You are right that the implementation focuses on improving
floating-point performance. Sometimes integer arrays are converted to
floating-point just to get better speed.
Henry Rich
On 9/8/2019 10:09 PM, Don Kelly wrote:
I have used the same approach as Joey for some time now and note that
there have been quite amazing jumps (avx helps) I usually start with
an integer array such as 1+100000?10000 and save it -then repeat with
%. on the floating point result with negligible differences in
timing. Storage time is insignificant and seem to be faster for the
floating point array. Errors in multiplication of the matrix gives a
unit matrix with off diagonal errors of the order of 10^13 or less in
magnitude.
Don
901-beta i
AMD a10-7800 windows 10
On 2019-09-08 1:56 p.m., Henry Rich wrote:
What I meant you couldn't have known is how much work would go into
cache-friendly matrix multiply in J.
Henry Rich
On 9/8/2019 4:37 PM, Roger Hui wrote:
A J model of the QR decomposition can be found in
http://code.jsoftware.com/wiki/Essays/QR_Decomposition
He builded better than he knew: it relies on +/ .* for most of the
numeric work.
(Ahem) actually I knew. It was part of my M.Sc. thesis and is another
lemma which shows that %.x has the same order of complexity as +/ .*
, at
the time O(n*2^.7) (better than the conventional O(n*3)), now down to
O(n*2.3728639) according to Wikipedia. The algorithm is also good
answer
to claims that QR and other matrix decompositions are inherently loopy.

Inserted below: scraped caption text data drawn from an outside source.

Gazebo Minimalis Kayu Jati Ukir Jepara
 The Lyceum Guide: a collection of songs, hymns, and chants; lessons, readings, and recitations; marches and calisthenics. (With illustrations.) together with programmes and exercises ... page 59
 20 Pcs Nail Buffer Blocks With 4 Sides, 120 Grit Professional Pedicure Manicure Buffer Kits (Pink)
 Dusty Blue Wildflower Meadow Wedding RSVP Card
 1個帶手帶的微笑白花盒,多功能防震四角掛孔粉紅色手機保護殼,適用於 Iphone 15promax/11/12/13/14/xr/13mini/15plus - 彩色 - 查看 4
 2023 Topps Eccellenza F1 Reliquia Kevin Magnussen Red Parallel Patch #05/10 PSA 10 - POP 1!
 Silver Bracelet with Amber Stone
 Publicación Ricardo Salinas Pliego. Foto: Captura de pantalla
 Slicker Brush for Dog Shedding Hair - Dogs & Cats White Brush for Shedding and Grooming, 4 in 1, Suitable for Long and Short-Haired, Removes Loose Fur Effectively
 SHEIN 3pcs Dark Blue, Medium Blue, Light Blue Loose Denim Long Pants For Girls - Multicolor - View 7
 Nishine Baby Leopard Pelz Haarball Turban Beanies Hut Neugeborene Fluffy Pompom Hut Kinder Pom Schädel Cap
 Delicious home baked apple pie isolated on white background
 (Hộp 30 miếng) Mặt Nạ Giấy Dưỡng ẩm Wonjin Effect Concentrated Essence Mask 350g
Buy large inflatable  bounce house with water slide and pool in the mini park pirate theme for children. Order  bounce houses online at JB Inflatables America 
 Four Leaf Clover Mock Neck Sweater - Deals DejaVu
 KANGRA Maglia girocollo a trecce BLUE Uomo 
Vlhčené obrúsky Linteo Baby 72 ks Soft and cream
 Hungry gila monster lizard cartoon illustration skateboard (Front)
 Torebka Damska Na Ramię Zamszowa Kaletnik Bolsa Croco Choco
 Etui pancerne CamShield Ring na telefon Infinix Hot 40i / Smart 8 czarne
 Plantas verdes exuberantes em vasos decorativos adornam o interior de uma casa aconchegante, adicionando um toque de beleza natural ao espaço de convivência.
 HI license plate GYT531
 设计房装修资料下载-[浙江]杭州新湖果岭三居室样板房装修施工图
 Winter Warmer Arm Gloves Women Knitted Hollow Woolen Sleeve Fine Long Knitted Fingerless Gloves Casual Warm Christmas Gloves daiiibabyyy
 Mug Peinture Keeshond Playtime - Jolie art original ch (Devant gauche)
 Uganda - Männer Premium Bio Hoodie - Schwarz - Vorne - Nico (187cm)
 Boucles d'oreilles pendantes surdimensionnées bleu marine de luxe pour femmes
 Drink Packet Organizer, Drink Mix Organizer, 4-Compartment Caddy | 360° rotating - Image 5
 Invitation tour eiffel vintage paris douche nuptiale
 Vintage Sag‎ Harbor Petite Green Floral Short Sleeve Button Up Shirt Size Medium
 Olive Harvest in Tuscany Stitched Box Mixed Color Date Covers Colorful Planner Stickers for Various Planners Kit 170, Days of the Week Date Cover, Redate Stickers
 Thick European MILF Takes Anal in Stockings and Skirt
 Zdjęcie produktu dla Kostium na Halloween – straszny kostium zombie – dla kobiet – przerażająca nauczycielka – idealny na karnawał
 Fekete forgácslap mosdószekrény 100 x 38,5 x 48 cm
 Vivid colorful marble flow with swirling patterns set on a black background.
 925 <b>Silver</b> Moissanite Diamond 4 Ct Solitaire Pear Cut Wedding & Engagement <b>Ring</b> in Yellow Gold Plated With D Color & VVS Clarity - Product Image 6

See Hui & Iverson, _A Note on Programming Style_, Vector, volume 12,
number
13, 1996-01.
On Sun, Sep 8, 2019 at 1:14 PM Henry Rich <henryhr...@gmail.com> wrote:
For years Joey Tuttle has used the performance of (%. y) as a simple
measure of the performance of J releases. It has improved pretty
steadily.
This surprised me, because I know where the gaussian-elimination code
is, and that code doesn't do much except C loops that do add and
subtract. I didn't see how improvements to the JE would have any
effect
on (%. y). Not wanting to mess up a good story, I kept my doubts to
myself.
Finally I understand. The code I had been looking at is used only for
rational matrices. The code for general (%. y) is a lovely little
recursive QR decomposition that does lots of memory allocation and
calls
to internal J arithmetic functions. In fact, it's a pretty good
exercise of the computational side of the system. It's quite short
but
uses general utilities so that it works on all fixed-precision numeric
types. Bravo to Roger. He builded better than he knew: it relies
on +/
. * for most of the numeric work, and that code has now been
polished so
well that it is the most efficient code in the system.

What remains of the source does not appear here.